Ship matrix (per-file RTFx, single-stream batch=1)

RTFx = real-time factor (audio-seconds processed per wall-second; higher is faster). WER for Latin-script languages, CER for zh/ja (no word boundaries). All numbers are FLEURS test, full splits (see methodology). The Folder column is which bundle serves that language — the en/es/fr/it/pt/de rows are all the same latin/ model measured per language; zh/ja and Multilingual are the same multilingual/ model.

Language	Folder	Vocab	0.56 s (560 ms) ‡	1 s (1120 ms)	2 s (2240 ms) ⭐	4 s (4480 ms)	Test set
English	`latin`	2828	58 (9.43%)	103 (8.89%)	130 (8.96%)	122 (9.02%)	FLEURS en_us
Spanish	`latin`	2828	58 (4.95%)	106 (4.76%)	140 (4.80%)	136 (4.77%)	FLEURS es_419
French	`latin`	2828	57 (9.68%)	105 (9.44%)	130 (9.52%)	124 (9.42%)	FLEURS fr_fr
Italian	`latin`	2828	59 (5.68%)	109 (5.45%)	147 (5.41%)	150 (5.40%)	FLEURS it_it
Portuguese	`latin`	2828	59 (6.38%)	108 (6.11%)	141 (6.14%)	141 (6.18%)	FLEURS pt_br
German	`latin`	2828	59 (10.83%)	107 (9.78%)	144 (9.83%)	142 (9.83%)	FLEURS de_de
Chinese	`multilingual`	13087	22 (19.48% C)	27 (18.75% C)	89 (18.57% C)	90 (18.05% C)	FLEURS cmn_hans_cn
Japanese	`multilingual`	13087	21 (14.61% C)	26 (13.77% C)	84 (13.79% C)	89 (13.82% C)	FLEURS ja_jp
Multilingual	`multilingual`	13087	23 (9.15%)	71 (8.64%)	80 (8.76%)	78 (8.78%)	FLEURS en_us

‡ 560 ms is the lowest-latency tier but off the trained attention tiling — lower throughput and a small quality cost vs 1120 ms. Use 1120 ms+ unless sub-second latency is required.

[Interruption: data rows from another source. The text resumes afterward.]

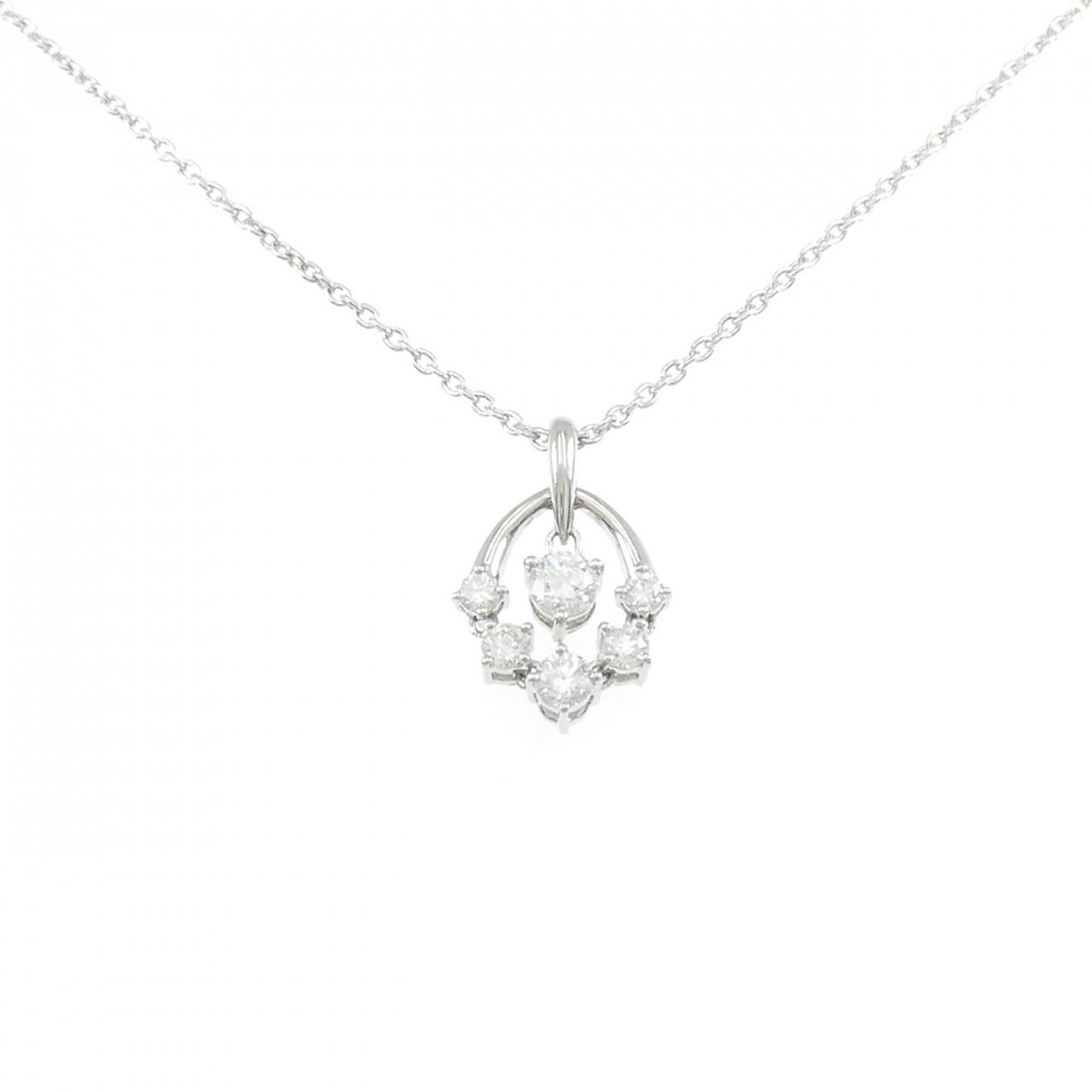 モニッケンダム ダイヤモンド ネックレス 0.70CT 140,300円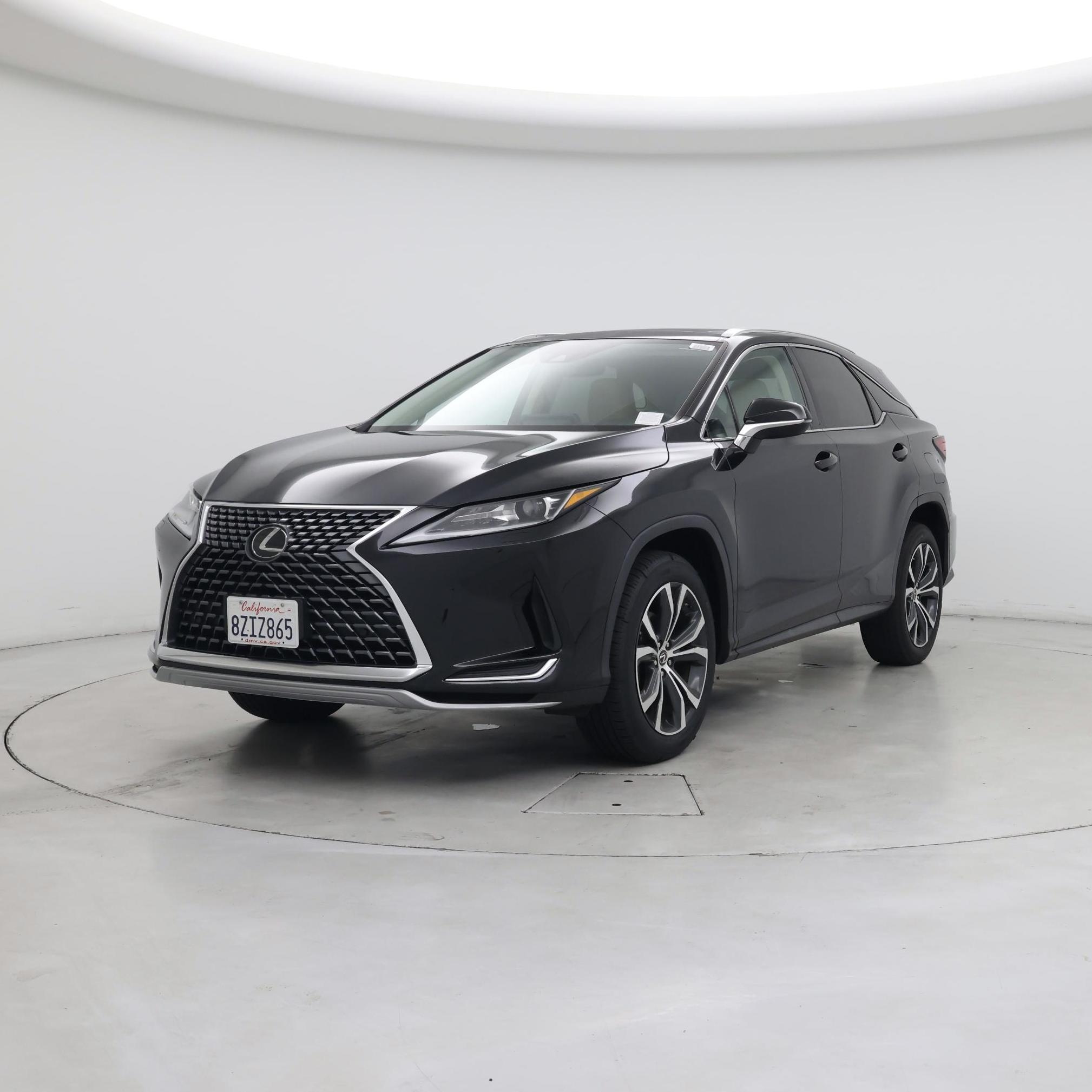 Thumbnail: 2022 Lexus RX - 4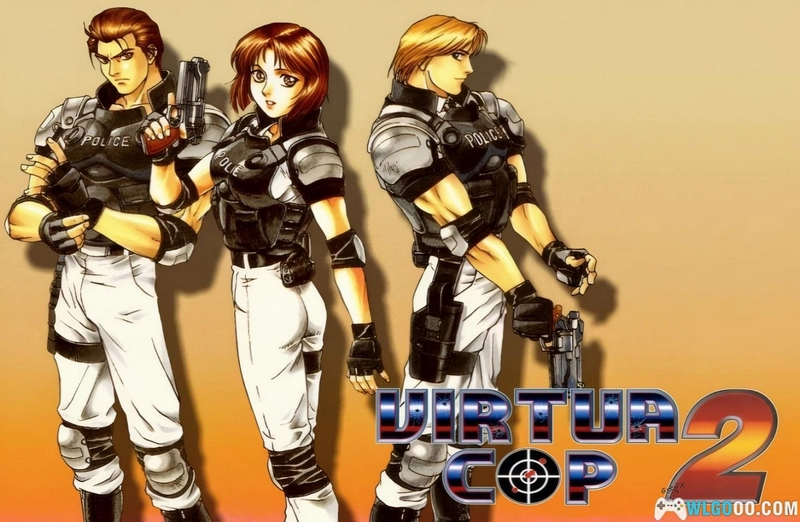 VR�ؾ�2 Virtua Cop 2����� 2026 ���������Ϸ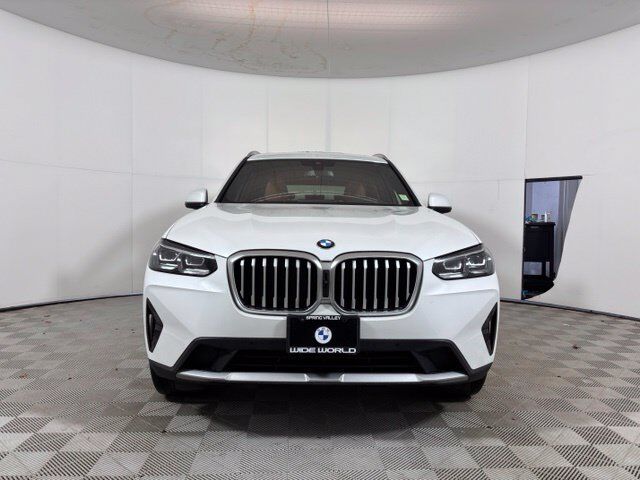 2024 BMW X3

Full-vocab models (zh / ja / multilingual) are tier-sensitive. The 13087-vocab joint matmul only fits the ANE working-set efficiently at the 2 s tier. At 560 ms the per-chunk joint overhead dominates and throughput collapses to ≈ 21–23 RTFx; use the 2 s tier for zh/ja/multilingual (zh/ja ≈ 84–90, multilingual-en ≈ 80). Throughput at 1 s depends on output density — sparse Latin text (multilingual-en ≈ 71 RTFx) fares far better than dense CJK (zh/ja ≈ 26), since CJK hits the big joint on more decode steps. The Latin-script ships (small joint) are fast at every tier.

Which tier to use

2 s (2240 ms) is the recommended default for every model. Latin-script ships run ≈ 130–150 RTFx; zh/ja/multilingual peak here at ≈ 84–90 RTFx. WER/CER is at or near its best, at 2.5 s latency.
1 s (1120 ms) for lower latency (1.25 s) on the Latin-script ships at near-full quality (≈ 103–109 RTFx). Avoid for zh/ja/multilingual (≈ 26 RTFx).
0.56 s (560 ms) only when sub-second latency is mandatory; off the trained tiling, so throughput and quality both dip. Not recommended for zh/ja/multilingual (≈ 21–22 RTFx).
4 s (4480 ms) for offline/long-form. Within noise of 2 s for the Latin-script ships, so 2 s usually dominates.

Recipe

All ships share: LAYERPOS [42,13] mixed-precision encoder (first/last 3 Conformer layers INT8, middle 18 layers 6-bit palettized — ~55% encoder size cut vs FP16, WER-neutral) + B1 decoder⊕joint fusion + triple-stage pipelining.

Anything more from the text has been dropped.